I watch as the mistakes happen, and things don’t go as planned, and we run out of time. That’s where it gets really exciting — going into that unknown on the day of the shoot is where all the really good stuff happens.

You’re a Los Angeles native. Has its status as film capital entered your bloodstream?

It’s very much in my veins. I lived on Hollywood Boulevard for a large chunk of my childhood, and I was an actress when I was young.

You were? I had no idea.

Yes, which a lot of people don’t know. I was actually in an episode of Tales from the Crypt when I was nine. That was my first time being on a set with special effects. So, I have a deep love for all of that. It definitely left a strong imprint on me. 

Alex Prager, Untitled (Parts 1), 2014
Untitled (Parts 1), 2014

Did you do anything else in terms of acting?

I did a student film where a tree was growing out of my body. That was fun. And I did a lot of commercials — my biggest was for Domino’s Pizza. Anyway, all of this glamorous world of acting stopped for me at around age ten.

It was something I did when I was a kid, and then, I realized I didn’t want to be in front of the camera and that I was an artist. It wasn’t until many years later, when I started to make films, that I realized how ironic it is that I should come this far to go right back where I started.
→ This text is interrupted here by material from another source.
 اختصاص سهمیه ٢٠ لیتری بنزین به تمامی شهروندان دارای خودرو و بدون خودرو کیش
I saw in your bio something about an unusual teenage story, traveling through Europe by train and working at a Swiss knife shop — it sounded like a Hitchcockian setup.

One of these days, I’m going to re-create the knife shop that I spent so much time in, in Lucerne, and I’m going to make that movie. I was probably just on the verge of turning fourteen. I was a curious young woman, and I wanted more from life. I always want more, that’s one thing about me.
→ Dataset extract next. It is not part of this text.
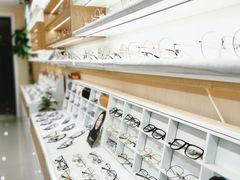 -视野联行眼镜·蔡司授权店(长白万象汇店)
And I met this young woman who was also fourteen or so, and her family had a knife shop in Switzerland, in Lucerne. So, I convinced my family to let me go there with her. We extended our trip because we were having such a great time, and we were just released into Europe, young, wild and free.

Alex Prager: Miracle Mile (2013), 2019
Miracle Mile (2013), 2019

That sounds like it could be trouble.

It was actually the best decision, because I was always curious but never bad. I was at the exact point when I could have turned bad if my parents hadn’t given me more to bite into. And by their giving that to me, I actually became extremely responsible. There was nobody else there to fix things or get me out of a mess. It did the opposite of what people would think.

What was the trigger for you to discover still photography as art?

I was twenty-one and working three dead-end jobs, living a life that wasn’t really going to change unless I changed it — and I had that realization while I was sitting in my cubicle at one of my office jobs.

One day, I ended up at this William Eggleston exhibit, and I didn’t know anything about photography as art before then. I had this visceral reaction to what I was looking at. 

What was that feeling?

I felt like there was some kind of magic happening. I wanted to expose myself to more of that magic, but I also wanted to find a way that I could affect people in a similar way. So, that same week, I bought a camera and darkroom equipment, and I was a photographer. 

Who are the other photographers and filmmakers you keep going back to for inspiration?

For this body of work, it was Irving Penn’s Small Trades, August Sander’s People of the Twentieth Century and Robert Longo’s Men in the Cities. I always love what Cindy Sherman makes, and Philip-Lorca diCorcia, Gregory Crewdson and Jeff Wall.

They just can’t go wrong, in the same way Paul Thomas Anderson can’t make a bad movie and neither can Quentin Tarantino. They’re legends for a reason. Hitchcock always lives in me. And John Cassavetes and Robert Altman. 

I understand you also have a retrospective running through June at the Lotte Museum, in Seoul, with a hundred works on display. Aren’t you too young to have a retrospective?

For me, that’s the trick — age just doesn’t really exist for artists. You get to just be ageless for your entire career. But it’s great to have this show. I feel that I finally have enough work for something like that.